Facebook Halts Oculus Sales in Germany Over Privacy Concerns
Facebook’s decision to force Oculus members to sign up for or use existing Facebook accounts hasn’t just played poorly with the community, but it may also be illegal in some European countries.
Facebook says it has taken this step voluntarily, not because it’s in hot water with German authorities.”This is a temporary break due to outstanding talks with German supervisory authorities,” the company said in a statement to Heise.de. “We were not obliged to take this measure, but proactively interrupted the sale.”
The reason Oculus is halting its sales, proactively or otherwise, is because of concerns that its requirement to use a Facebook account in order to also play with an Oculus Rift violates the EU’s “coupling ban” rule. EU law states that: “[T]he performance of a contract may not be made dependent upon the consent to process further personal data, which is not needed for the performance of that contract.”
Put differently: Companies are not allowed to require individuals to turn over their individual data in order to access a good or service that does not rely on that data in the first place. According to the Hamburg Comissioner for Data and Protection, “the obligation to create a Facebook account is legally extremely questionable, at least for those who have already bought a headset. Whether this also applies to new customers is definitely a matter of debate. That should largely depend on the design of the contract, which we do not have.” He notes that this becomes a burden on both new and old Facebook customers and indicates the comission views the requirement with a gimlet eye.
If you heard rumors that Oculus was now Facebook Reality Labs, it’s not true, but there’s been a bit of an internal shuffle. Facebook now groups Oculus under its “Reality Labs” brand. But while Facebook hasn’t changed Oculus’ name, it has renamed the VR conference from ‘Oculus Connect’ to ‘Facebook Connect.’
Oculus seems to think they can weather the Facebook switchover storm without losing any ground with ordinary consumers. I genuinely don’t know about that, but the response from fans, press, and game creators to the takeover has been vitriolic. I don’t know who I’d recommend as a replacement vendor for VR at the moment — not because there aren’t competitors, but because most of them are quite expensive and I haven’t spent time with the headsets. The aggressive move to rebrand Oculus suggests Facebook isn’t interested in PC VR long-term. Yes, Oculus will technically still exist (as a Facebook brand), but Oculus Connect told you exactly what it was about: virtual reality. Facebook Connect sounds like a general seminar on social media.

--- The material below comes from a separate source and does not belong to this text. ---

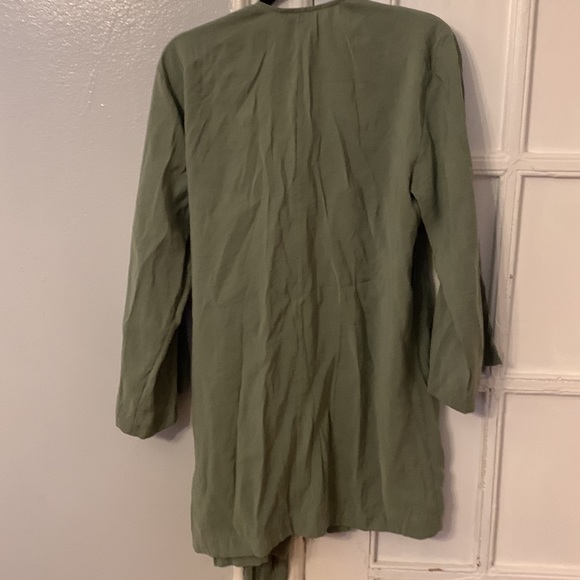 Mini Zara xs dress - Picture 4 of 4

If you’re currently interested in VR but don’t want to drop $1,000 on a Valve Index, my advice is to wait and see what the Sony PlayStation 5 brings to the table in that department. Sony has actually invested quite a bit of time and energy into VR, and the company is expected to release a new, upgraded VR headset at some point in the PlayStation 5 lifecycle. On the PC side, where the HTC Vive doesn’t really offer a low-cost option, it was Oculus’ game to lose. Hopefully another company will pick up the torch.